Although all of the patient’s metastatic lesions responded to the various palliative treatments, only the posterior chest wall tumour that received high-dose LRT achieved a complete response. While this tumour had not responded to the initial immune checkpoint blockade (anti-PD1), after high-dose LRT, it shrank by 77.84% within a month and continued to regress until achieving complete local response five months later. There were no toxic side effects in the area of the treatment, and the site remained disease free until the patient died several months later.

The researchers note that with only 6.5% of the large tumour’s volume receiving a dose of 20 Gy and higher, the effective uniform dose was calculated as 1.2 Gy. “Based on the traditionally understood mechanism of radiobiology, the probability of achieving complete local control with such a dose for a tumour of 63 cc would be nearly zero,” they write. “The synergetic effect combining high-dose LRT with anti-PD1 becomes a plausible speculation.”

They further hypothesize: “In high-dose LRT, the dose in the vertices are sufficiently high to induce neo-antigen release and initiate the cascade of antigen presenting cell (APC)-based T-cell priming. The dose in between the vertices is low enough to preserve internal tumour circulation/perfusion to potentially facilitate the infiltration of APCs and the primed cytotoxic T-cells. The highly heterogeneous dose configuration could reprogram the immunosuppressive tumour microenvironment to become more immunogenic, and when synergistically treated by checkpoint inhibitors, the primed T cells could attack tumour cells without being exhausted.”

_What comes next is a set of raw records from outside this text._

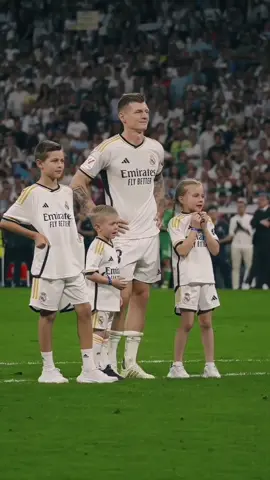 كلكم تتعوضون لا تسوون روحكم توني كروس🪄 💔#realmadrid #viral #ريال_مدريد #fypシ゚vfypシ゚v #real 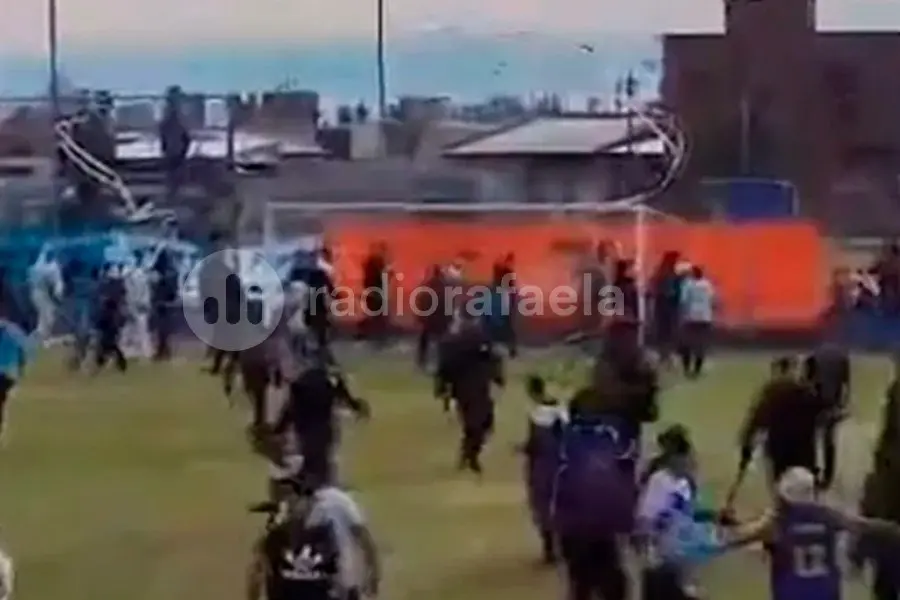Imágenes sensibles: guerra campal y graves incidentes en un encuentro de la Liga Venadense de Fútbol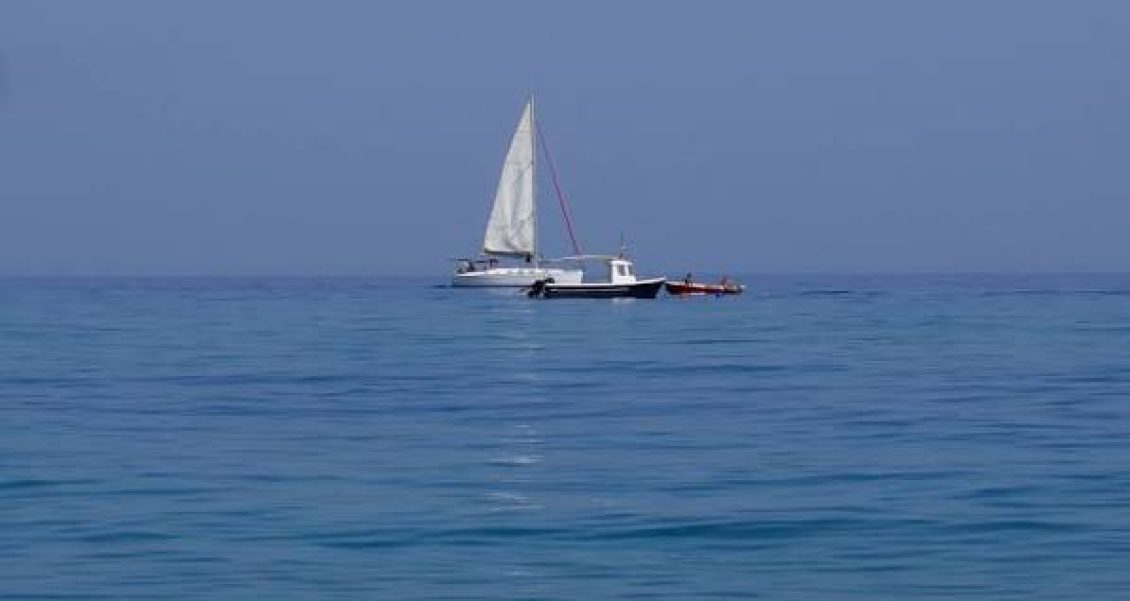 Un vídeo viral muestra el peor error al saltar en barco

Wu tells Physics World that the researchers are currently preparing systemic clinical studies using this combined treatment for patients with lung cancer, liver cancer, breast cancer and melanoma. He notes that interest in and use of LRT, and spatially fractionated radiotherapy in general, are increasing. Following the early clinical experiences primary made by Innovative Cancer Institute in Miami and Fujian Union Hospital, more institutions, including the Mayo Clinic in Rochester, have begun to offer LRT to their patients.